▶ _WORK ITEM_
Which of the lines below holds the string "Blue"? Copy every line that does.
========================================================================
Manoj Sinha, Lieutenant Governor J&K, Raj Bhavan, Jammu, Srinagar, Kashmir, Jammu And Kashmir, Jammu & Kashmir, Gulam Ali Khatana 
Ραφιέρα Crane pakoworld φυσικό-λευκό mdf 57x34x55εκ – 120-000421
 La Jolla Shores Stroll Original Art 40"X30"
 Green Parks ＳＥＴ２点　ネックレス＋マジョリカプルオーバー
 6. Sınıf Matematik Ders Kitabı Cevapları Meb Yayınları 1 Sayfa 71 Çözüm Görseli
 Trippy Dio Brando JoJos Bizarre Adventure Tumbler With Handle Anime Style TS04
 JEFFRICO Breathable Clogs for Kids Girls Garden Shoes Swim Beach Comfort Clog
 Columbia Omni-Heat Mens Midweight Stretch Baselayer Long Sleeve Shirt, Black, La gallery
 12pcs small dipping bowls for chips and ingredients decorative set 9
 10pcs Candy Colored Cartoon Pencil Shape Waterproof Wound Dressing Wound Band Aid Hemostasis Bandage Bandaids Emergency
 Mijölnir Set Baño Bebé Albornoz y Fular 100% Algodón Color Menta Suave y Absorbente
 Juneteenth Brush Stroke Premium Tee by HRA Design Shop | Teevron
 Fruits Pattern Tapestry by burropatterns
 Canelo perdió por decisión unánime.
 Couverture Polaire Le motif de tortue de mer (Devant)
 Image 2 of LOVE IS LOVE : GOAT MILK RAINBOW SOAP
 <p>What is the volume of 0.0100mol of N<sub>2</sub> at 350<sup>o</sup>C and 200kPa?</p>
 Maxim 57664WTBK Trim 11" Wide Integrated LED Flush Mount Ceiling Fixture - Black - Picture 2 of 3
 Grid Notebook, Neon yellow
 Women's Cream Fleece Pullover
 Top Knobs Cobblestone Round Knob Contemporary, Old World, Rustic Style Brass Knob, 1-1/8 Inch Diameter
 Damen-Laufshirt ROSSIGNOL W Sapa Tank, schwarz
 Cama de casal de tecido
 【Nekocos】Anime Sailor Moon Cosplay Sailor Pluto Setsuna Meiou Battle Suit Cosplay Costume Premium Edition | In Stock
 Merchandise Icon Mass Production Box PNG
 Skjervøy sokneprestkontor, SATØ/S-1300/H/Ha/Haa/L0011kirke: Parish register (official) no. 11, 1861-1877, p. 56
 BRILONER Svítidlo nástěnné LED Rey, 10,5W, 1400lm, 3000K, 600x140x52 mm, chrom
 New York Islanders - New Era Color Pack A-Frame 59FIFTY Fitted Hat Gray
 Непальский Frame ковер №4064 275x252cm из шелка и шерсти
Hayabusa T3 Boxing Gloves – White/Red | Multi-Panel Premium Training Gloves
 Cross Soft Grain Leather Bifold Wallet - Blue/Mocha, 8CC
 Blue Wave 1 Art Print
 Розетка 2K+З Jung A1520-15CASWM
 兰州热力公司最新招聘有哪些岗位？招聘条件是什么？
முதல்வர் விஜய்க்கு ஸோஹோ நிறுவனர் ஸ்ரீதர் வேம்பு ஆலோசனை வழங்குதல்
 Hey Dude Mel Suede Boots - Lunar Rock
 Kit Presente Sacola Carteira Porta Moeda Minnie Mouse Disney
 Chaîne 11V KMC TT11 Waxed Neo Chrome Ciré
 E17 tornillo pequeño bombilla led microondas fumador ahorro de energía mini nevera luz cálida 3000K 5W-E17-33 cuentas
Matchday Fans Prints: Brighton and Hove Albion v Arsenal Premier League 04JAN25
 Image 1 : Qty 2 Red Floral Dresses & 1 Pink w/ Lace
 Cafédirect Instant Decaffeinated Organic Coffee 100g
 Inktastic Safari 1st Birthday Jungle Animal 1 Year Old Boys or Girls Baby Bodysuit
========================================================================
▶ _EXERCISE SOLUTION_
 Cross Soft Grain Leather Bifold Wallet - Blue/Mocha, 8CC
 Blue Wave 1 Art Print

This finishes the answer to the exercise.